| EXERCISE DESCRIPTION |
Using the listing below, print exactly everything from the line with "Click to enlarge" down to the line with "แก้กล้ามเนื้อตาอ่อนแรง โดยอ.หมอหลิง บีพราวด์คลินิก", both included, and nothing more.

*** Opening STORED DATA ***

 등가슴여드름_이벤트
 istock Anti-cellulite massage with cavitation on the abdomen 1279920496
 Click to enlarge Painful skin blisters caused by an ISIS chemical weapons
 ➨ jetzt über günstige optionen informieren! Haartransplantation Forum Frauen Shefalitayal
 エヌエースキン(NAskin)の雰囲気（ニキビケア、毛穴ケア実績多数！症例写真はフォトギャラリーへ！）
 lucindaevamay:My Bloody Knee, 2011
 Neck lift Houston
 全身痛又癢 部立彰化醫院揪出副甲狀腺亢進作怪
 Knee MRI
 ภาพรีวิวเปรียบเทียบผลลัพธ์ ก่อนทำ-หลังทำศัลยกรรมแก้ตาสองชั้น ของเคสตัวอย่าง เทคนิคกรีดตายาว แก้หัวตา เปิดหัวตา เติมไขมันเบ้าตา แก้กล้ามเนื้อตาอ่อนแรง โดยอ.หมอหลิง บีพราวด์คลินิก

*** Closing STORED DATA ***
*** Opening STORED DATA ***

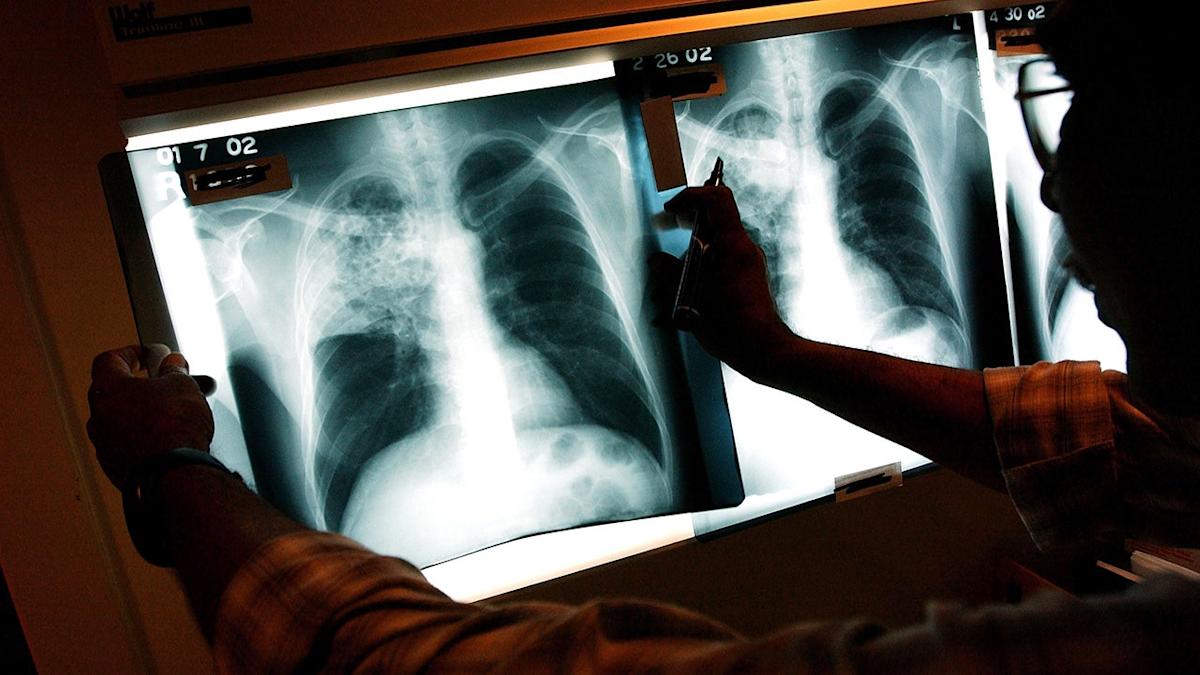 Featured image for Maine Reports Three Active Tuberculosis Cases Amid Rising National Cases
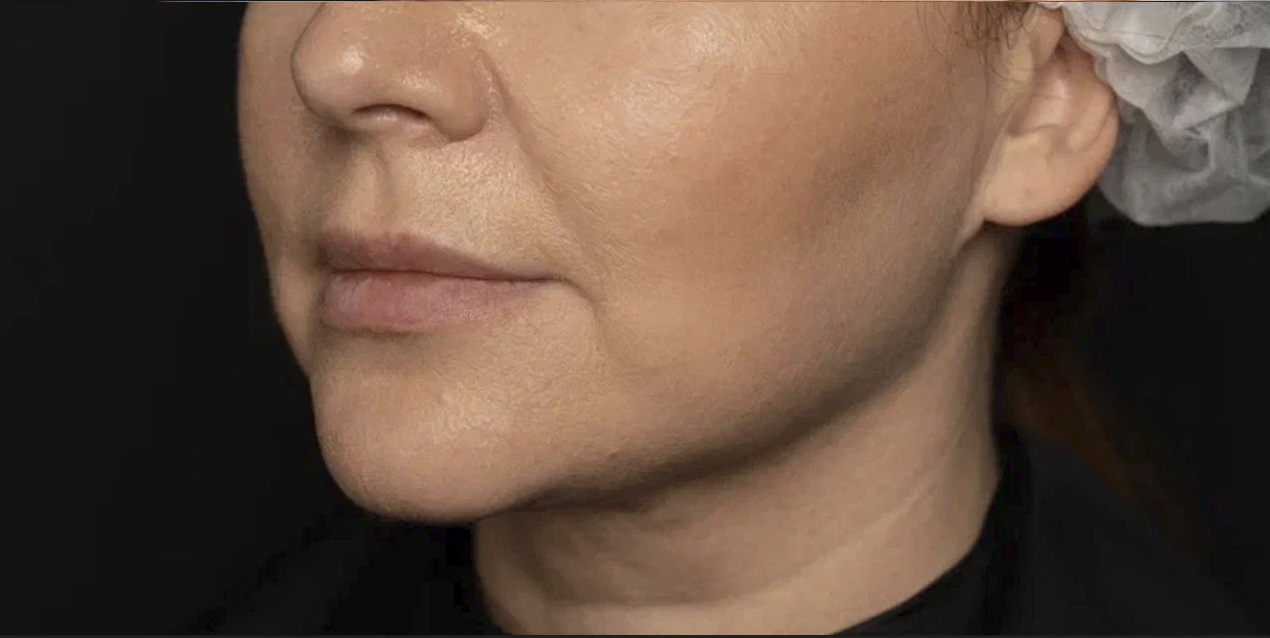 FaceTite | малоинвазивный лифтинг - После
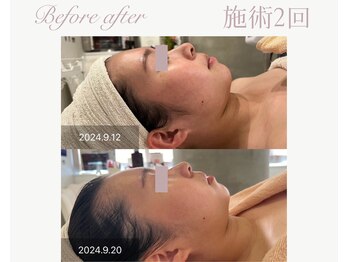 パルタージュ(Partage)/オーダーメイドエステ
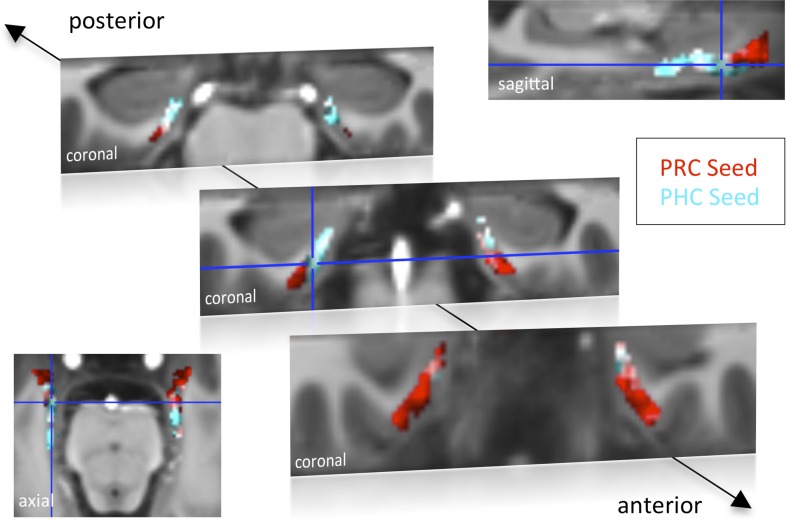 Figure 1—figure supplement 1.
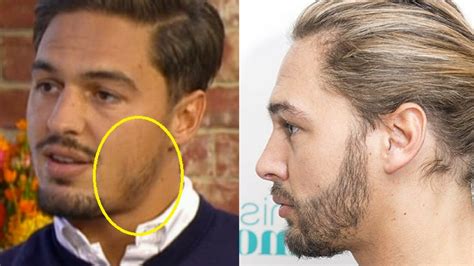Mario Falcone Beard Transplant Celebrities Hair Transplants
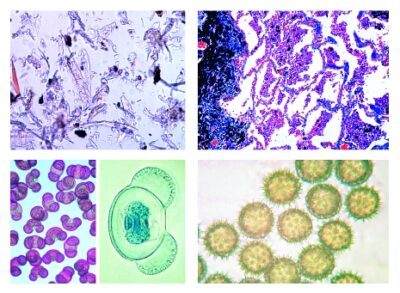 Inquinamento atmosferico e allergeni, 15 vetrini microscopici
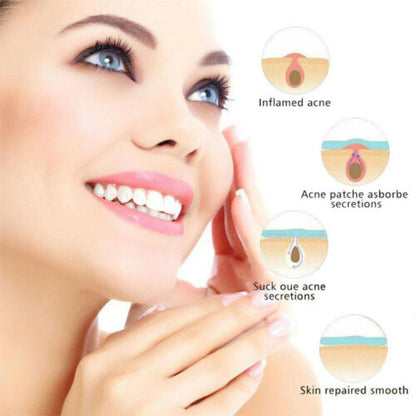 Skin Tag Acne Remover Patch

*** Closing STORED DATA ***

| RESULT |
 Click to enlarge Painful skin blisters caused by an ISIS chemical weapons
 ➨ jetzt über günstige optionen informieren! Haartransplantation Forum Frauen Shefalitayal
 エヌエースキン(NAskin)の雰囲気（ニキビケア、毛穴ケア実績多数！症例写真はフォトギャラリーへ！）
 lucindaevamay:My Bloody Knee, 2011
 Neck lift Houston
 全身痛又癢 部立彰化醫院揪出副甲狀腺亢進作怪
 Knee MRI
 ภาพรีวิวเปรียบเทียบผลลัพธ์ ก่อนทำ-หลังทำศัลยกรรมแก้ตาสองชั้น ของเคสตัวอย่าง เทคนิคกรีดตายาว แก้หัวตา เปิดหัวตา เติมไขมันเบ้าตา แก้กล้ามเนื้อตาอ่อนแรง โดยอ.หมอหลิง บีพราวด์คลินิก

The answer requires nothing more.